The 6 and 7 each show a conveyor belt 2 according to the invention, with magnetizable position markings 15 Is provided. The conveyor belt, as in the example 6 and 7 comprises several layers of rubber-elastic material with embedded Stahlseilzugträgern in this 16 extending in the longitudinal direction or in the tensile force direction of the conveyor belt 2 extend. The steel cable carriers 16 For example, they may have a diameter of about 9 to 10 mm. These are in the conveyor belt 2 vulcanized. Transverse thereto extend at regular intervals in the conveyor belt 2 , for example at intervals of 50 m as position markings steel strands 17 , which may for example have a diameter of about 1 mm. Such a steel strand 17 generates in each case at their ends a magnetic stray field which can be detected by the measuring arrangement. For a defined length of steel strands 17 and at a defined position thereof within the conveyor belt 2 can be easily by evaluating the measurement signals, the actual position of the conveyor belt with respect to the measuring arrangement 9 determine and compare with a desired position of the conveyor belt.

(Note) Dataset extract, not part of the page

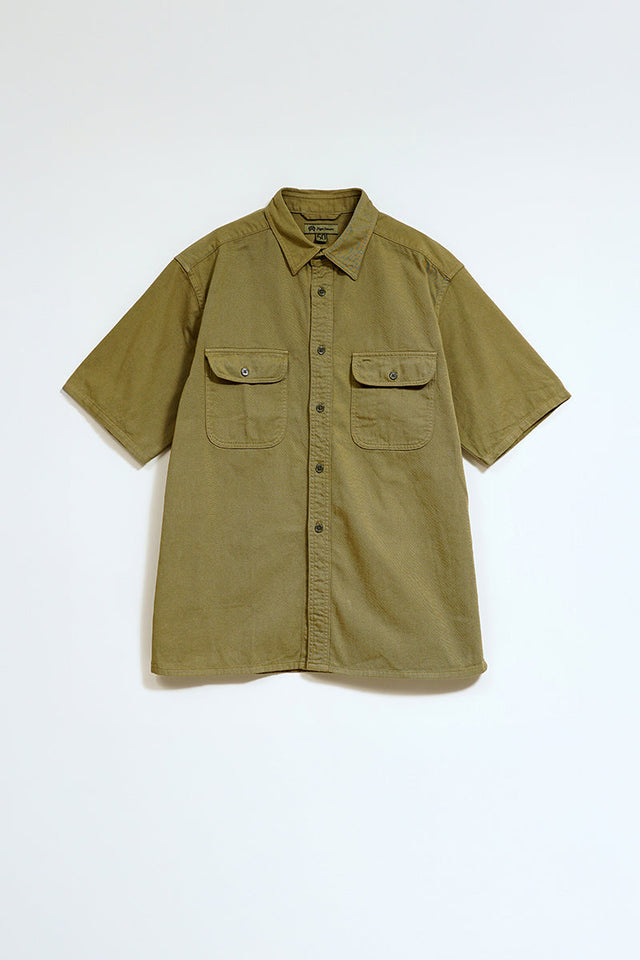 【ナイジェル・ケーボン】MAN / 50s スクエアヘムワークシャツ / 50s SQUARE HEM WORK SHIRT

Dodges the actual position of the conveyor belt 2 Significantly from the target position, this can also be automated shutdown of the belt conveyor system result. Optionally, only the control of a belt steering can take place.

At the in 2 illustrated embodiment are as position marks 15 each steel braids 18 at a regular distance from each other in the longitudinal direction of the conveyor belt 2 vulcanised into these. These steel braids, for example, alternately in the area of the trough of the conveyor belt 2 , ie about the center and alternately edge side, be arranged, and indeed after such a predetermined pattern, the detection of an actual position of the conveyor belt 2 and the determination of a deviation from the desired position allows.

1

Belt conveyors

2

conveyor belt

3

driving drum

4

Umlenktrommel

5

obertrum

6

strand

7

idlers

8th

chute

9

measuring arrangement

10

magnetic field sensors

11

sensor packages

12

guide channel

13

data acquisition and evaluation

14

guide rollers

15

position marks

16

Steel cable carrier

17

steel strands

18

steel braids

QUOTES INCLUDE IN THE DESCRIPTION

This list The documents listed by the applicant have been automated generated and is solely for better information recorded by the reader. The list is not part of the German Patent or utility model application. The DPMA takes over no liability for any errors or omissions.

Cited patent literature

• - DE 102006006468 [0014]

Claims (7)

Endlessly circulating conveyor belt ( 2 ) for a belt conveyor ( 1 ) for the continuous transport of bulk material of rubber-elastic material with embedded in this, extending in the belt direction of tension carriers ( 16 ), characterized in that in the conveyor belt ( 2 ) one or more spaced-apart position markings ( 15 ) are embedded in the form of magnetizable elements whose position can be detected by means of a magnetic field detector. Conveyor belt according to claim 1, characterized in that as position markings ( 15 ) Steel mesh elements ( 18 ), Steel strands ( 17 ), Steel cables or steel wires are provided. Conveyor belt according to one of claims 1 or 2, characterized in that the position markings ( 15 ) are provided below or above or between the tension members spaced therefrom. Conveyor belt according to one of claims 1 to 3, characterized in that the position markings ( 15 ) are vulcanized into the conveyor belt. Method for detecting and detecting the position of Conveyor belts during operation of a belt conveyor using position markings embedded in the conveyor belt made of a magnetizable material, with a single or multi-axis Measurement of the magnetic field disturbed by the position markings Field is performed in which at least one magnetic field sensor scans the revolving conveyor belt and the measuring signals evaluated with regard to the location of the position markings, and wherein depending on the quality of the measurement signal an intervention in the operation of the belt conveyor takes place. Method according to claim 5, characterized in that that the measurement without magnetization (external magnetization) of Position markings done. Method according to one of claims 5 or 6, characterized in that the measurement in a measuring range of up to 200 μT, preferably up to 100 μT is carried out.